--- Exercise data Enclosed Below ---
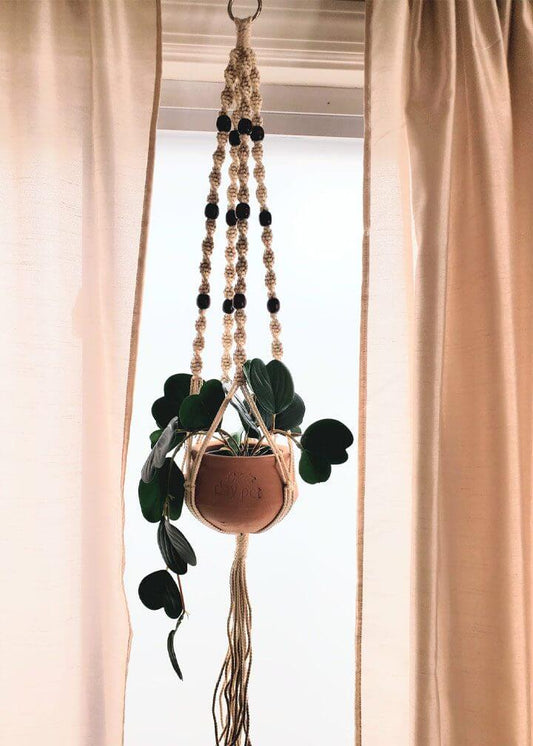 Handmade Indoor | Macrame Outdoor Plant Hanger Set with Clay Pot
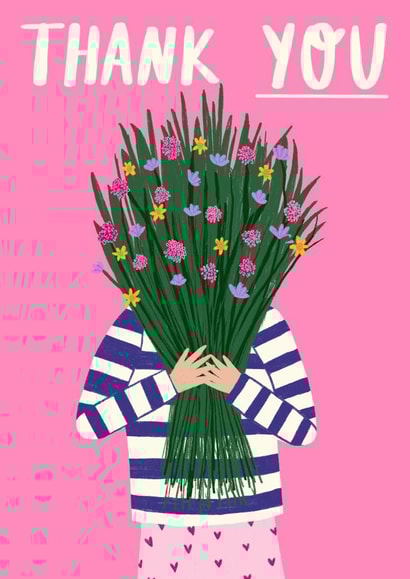 flowers bunch Thank You Card 17623 created by Isabella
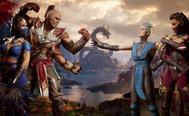 Four fighters prepare for batlle in Mortal Kombat 1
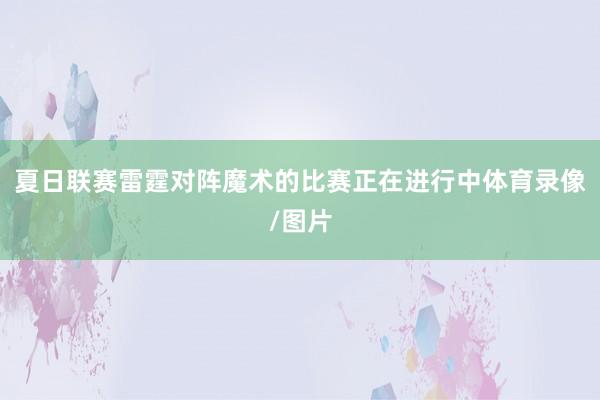 夏日联赛雷霆对阵魔术的比赛正在进行中体育录像/图片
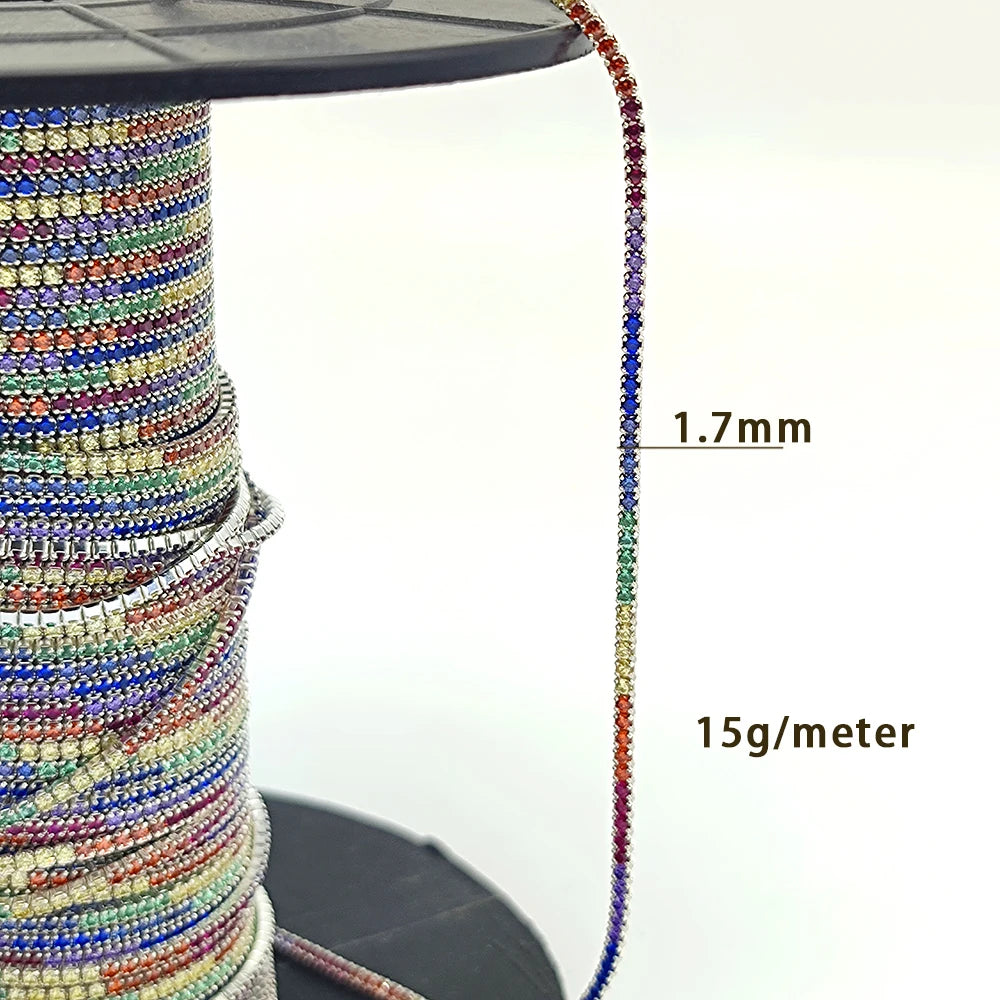 New Arrival Fine Silver Tennis Chain Sterling Chains 925 Solid Iced Out Custom Jewelry Bracelet Tennis Roll Necklace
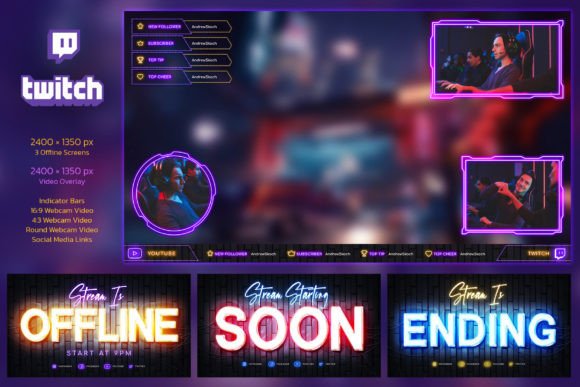 Elevate Your Twitch Channel with Neon Gaming Twitch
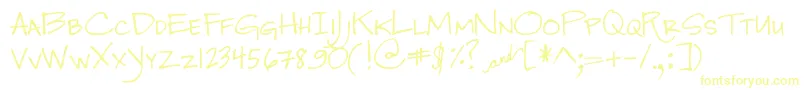 フォントDjbJenna – 黄色のフォント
--- End of Enclosed Exercise data ---
• **To do**:
Leave out the pictures, and write out exactly the lines from the one containing "Four fighters prepare" through the last line of the listing, both included.

• **Response to this exercise**:
 Four fighters prepare for batlle in Mortal Kombat 1
 夏日联赛雷霆对阵魔术的比赛正在进行中体育录像/图片
 New Arrival Fine Silver Tennis Chain Sterling Chains 925 Solid Iced Out Custom Jewelry Bracelet Tennis Roll Necklace
 Elevate Your Twitch Channel with Neon Gaming Twitch
 フォントDjbJenna – 黄色のフォント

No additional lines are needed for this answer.